Question

Differentiate the following w.r.t.x and find the value when x=3; (6x^2+3)(3x+7)

Answer 1

Solution :

Knowledge required :

• Exponential rule of differentiation :

If y = x^n then the Differentiation of x^n will be n·x^(n - 1)

• Differentiation of constant term is 0.i.e,

d(7)/dx = 0

• Exponent rule that , x⁰ = 1.

Now,

First let us find the Differentiation of :

(6x² + 3)(3x + 7)

We know the product rule of differentiation,i.e,

$\boxed{\rm{\dfrac{d(uv)}{dx} = u\dfrac{dv}{dx} + v\dfrac{du}{dx}}}$

Now by using the product rule and substituting the values in it, we get :

Here,

• u = 6x² + 3
• v = 3x + 7

$:\implies \rm{\dfrac{d(uv)}{dx} = u\dfrac{d(v)}{dx} + v\dfrac{d(u)}{dx}}$

$:\implies \rm{\dfrac{dy}{dx} = (6x^{2} + 3) \times \dfrac{d(3x + 7)}{dx} + (3x + 7) \times \dfrac{d(6x^{2} + 3)}{dx}}$ ⠀⠀⠀⠀⠀⠀⠀⠀Eq.(i)

Now let's Differentiate the term u i.e, (6x² + 3)

$:\implies \bf{\dfrac{dy}{dx} = \dfrac{d(6x^{2} + 3)}{dx}}$

$:\implies \bf{\dfrac{dy}{dx} = 2 \times 6x^{(2 - 1)} + 0}$

$:\implies \bf{\dfrac{dy}{dx} = 2 \times 6x^{1}}$

$:\implies \bf{\dfrac{dy}{dx} = 12x}$

$\boxed{\therefore \bf{\dfrac{d(6x^{2} + 3)}{dx} = 12x}}$

Hence the Differentiation of 6x² + 3 is 12x.

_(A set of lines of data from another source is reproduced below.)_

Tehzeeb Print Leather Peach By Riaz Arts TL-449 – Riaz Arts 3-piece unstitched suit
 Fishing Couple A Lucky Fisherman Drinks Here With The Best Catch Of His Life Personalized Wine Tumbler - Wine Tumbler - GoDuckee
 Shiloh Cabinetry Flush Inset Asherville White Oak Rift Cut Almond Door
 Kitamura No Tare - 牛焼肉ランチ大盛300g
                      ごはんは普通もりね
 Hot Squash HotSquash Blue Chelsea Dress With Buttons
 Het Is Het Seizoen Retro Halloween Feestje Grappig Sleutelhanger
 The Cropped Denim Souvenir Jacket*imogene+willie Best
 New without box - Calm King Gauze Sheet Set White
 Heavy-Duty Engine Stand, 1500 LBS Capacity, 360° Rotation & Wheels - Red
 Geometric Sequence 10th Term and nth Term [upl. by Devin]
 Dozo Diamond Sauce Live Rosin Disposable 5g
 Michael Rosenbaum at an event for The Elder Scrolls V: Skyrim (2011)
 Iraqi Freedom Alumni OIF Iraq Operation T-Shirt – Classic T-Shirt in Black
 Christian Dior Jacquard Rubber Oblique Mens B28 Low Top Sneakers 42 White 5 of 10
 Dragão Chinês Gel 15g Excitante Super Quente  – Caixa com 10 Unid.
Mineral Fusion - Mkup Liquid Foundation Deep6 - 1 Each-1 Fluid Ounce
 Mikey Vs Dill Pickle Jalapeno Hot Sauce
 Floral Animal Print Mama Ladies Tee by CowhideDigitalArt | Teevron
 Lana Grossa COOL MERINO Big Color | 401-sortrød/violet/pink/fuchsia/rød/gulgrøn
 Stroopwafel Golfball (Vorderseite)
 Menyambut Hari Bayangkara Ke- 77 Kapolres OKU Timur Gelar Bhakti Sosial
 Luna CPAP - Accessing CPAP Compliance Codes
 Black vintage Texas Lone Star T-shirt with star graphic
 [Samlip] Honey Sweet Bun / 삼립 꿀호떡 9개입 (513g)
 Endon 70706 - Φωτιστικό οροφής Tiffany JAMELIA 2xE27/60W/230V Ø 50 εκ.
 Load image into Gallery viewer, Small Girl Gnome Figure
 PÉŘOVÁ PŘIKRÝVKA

Now let's Differentiate the term u i.e, (3x + 7)

$:\implies \bf{\dfrac{dy}{dx} = \dfrac{d(3x + 7)}{dx}}$

$:\implies \bf{\dfrac{dy}{dx} = 1 \times 3x^{(1 - 1)} + 0}$

$:\implies \bf{\dfrac{dy}{dx} = 1 \times 3x^{0}}$

$:\implies \bf{\dfrac{dy}{dx} = 3 \times 1}$

$:\implies \bf{\dfrac{dy}{dx} = 3}$

$\boxed{\therefore \bf{\dfrac{d(3x + 7)}{dx} = 3}}$

Hence the Differentiation of 3x + 7 is 3.

By substituting them in the equation (i) , we get :

$:\implies \rm{\dfrac{dy}{dx} = (6x^{2} + 3) \times \dfrac{d(3x + 7)}{dx} + (3x + 7) \times \dfrac{d(6x^{2} + 3)}{dx}}$

$:\implies \rm{\dfrac{dy}{dx} = (6x^{2} + 3) \times 3 + (3x + 7) \times 6x}$

$:\implies \rm{\dfrac{dy}{dx} = 18x^{2} + 9 + 18x^{2} + 42x}$

$:\implies \rm{\dfrac{dy}{dx} = 36x^{2} + 42x + 9}$

$\boxed{\therefore \rm{\dfrac{dy}{dx} = 36x^{2} + 42x + 9}}$

Hence the derivative of (6x² + 3)(3x + 7) is 36x² + 42x + 9.

Now by substituting the value of x in the equation , 36x² + 42x + 9 , we get :

==> 36 × (3)² + 42 × 3 + 9

==> 36 × 9 + 126 + 9

==> 323 + 126 + 9

==> 459

Hence the value of (6x² + 3)(3x + 7) (After Differentiating) is 459.